I divide the production process into four periods. The first period is for pre-production, which usually lasts a month, and it is mainly analyzing the role of each instrument, taking notes about the attitude of the music in each scene and for each character, pre-designing and sketching the scenes (I do this physically, so when it’s time for the rehearsals, I know what the singers have to do and specifically teach that. Also, I have to physically feel the music in my body to teach them how and when to reproduce which sound); I research the composer, the librettist, and the historical times in which the opera was created. I also create the complete artistic vision: costume, light, makeup, scenography, props, etc. Meanwhile, the singers are learning the lyrics and recitatives.
The second period lasts three weeks and is the physical training period for the singers. They receive corporeal mime lessons and learn to manipulate objects such as chairs, tables with wheels, masks, etc. In this period, we also analyze and contrast what the dialogs mean versus the character of the music so that in the next period, we can create physical metaphors for the characters. In the third period comes the creation of all the choreographies sketched in the first period. Depending on the level of detail in the choreographies and the length of the opera, this period can last up to two or three months. The last period is for the rehearsals with orchestra and performances.
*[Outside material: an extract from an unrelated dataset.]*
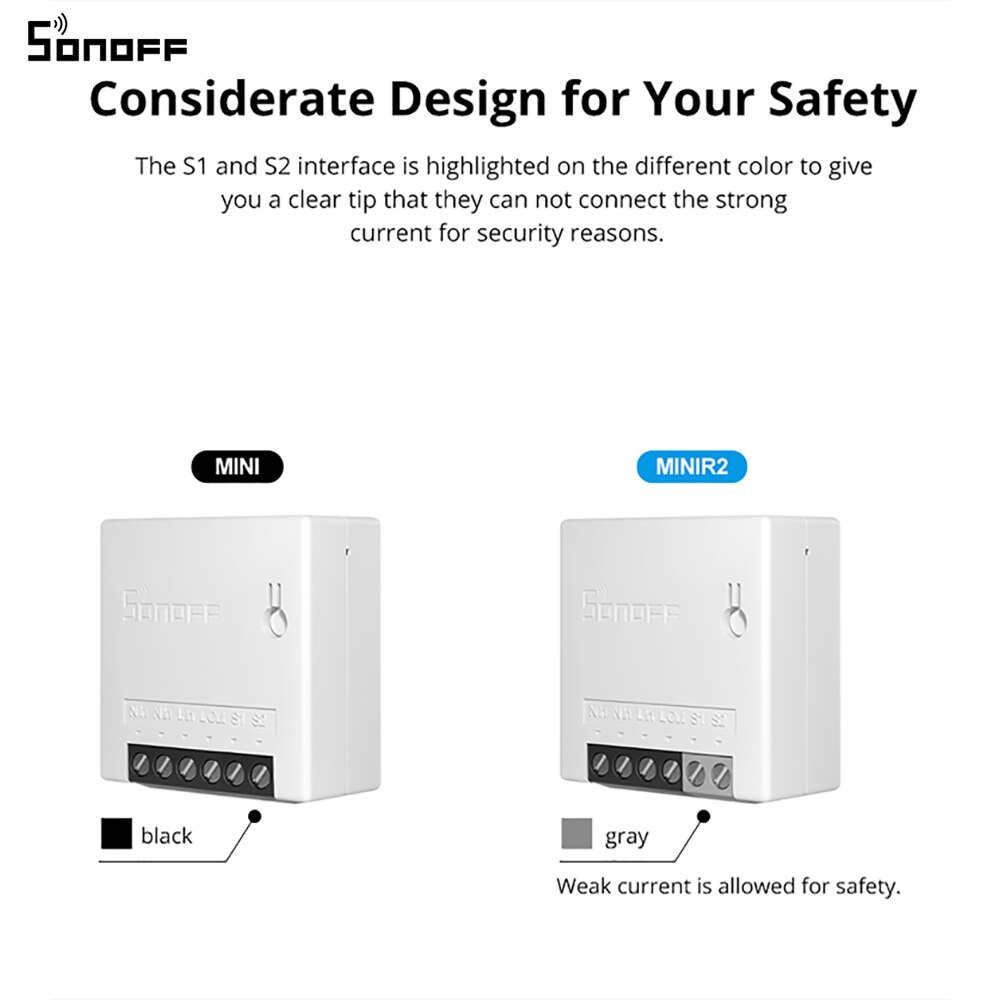 Sonoff MiniR2 DIY Smart Switch Small Ewelink Voice Remote Control Wifi Switch Support An External Work with Alexa Google Home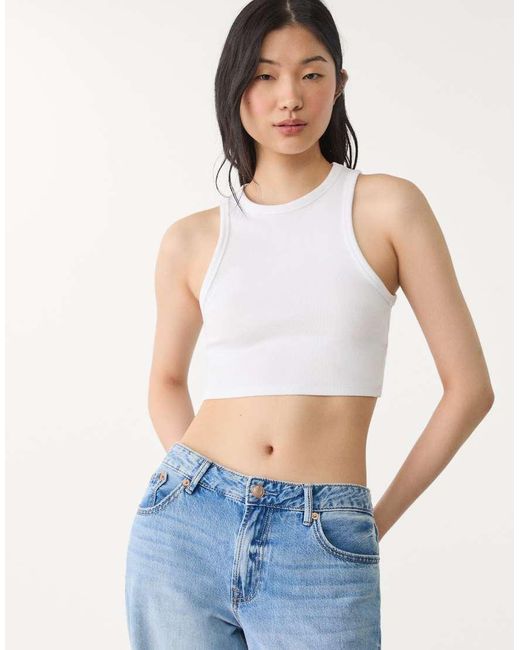 Stradivarius Set Van Geribbelde Crop Tops in het White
In addition to operas, do you also direct other stage productions? Does the responsibility of your role change with different genres?
The responsibility is always the same. Regardless of whether it is a flamenco theatre/dance show, an opera, a corporeal mime piece, or a theatre play, I always work with the same amount of responsibility, and, for me, ¨responsibility¨ is a synonym for love. I also act in a theatre group specializing in babies, and when I perform for babies, I do that with a lot of love, so the responsibility doesn’t change with different genres or the role I play.
I love to direct different stage productions because of the number of rich things that I learn from each work of art. Discovering the flamenco palos and their origins, the characteristics of a Mozart orchestra, the investigation of a silent mime piece, all this variety of knowledge has shed light on my creations.
Are you working on any stage productions? Can you share them with us?
I´ve been asked to direct Pergolesi´s Serva Padrona, and I’m not supposed to be working on it yet, but it´s impossible. I can’t stop my brain, so I have already prepared the inspiration for the scenography, costume, make-up, and illumination design. What thrills me about this opera, besides the main theme, is that one of the characters is a mime, so in this particular instance, I get to be also on stage. It would be an honor to share the stage with the magnificent singers I work with.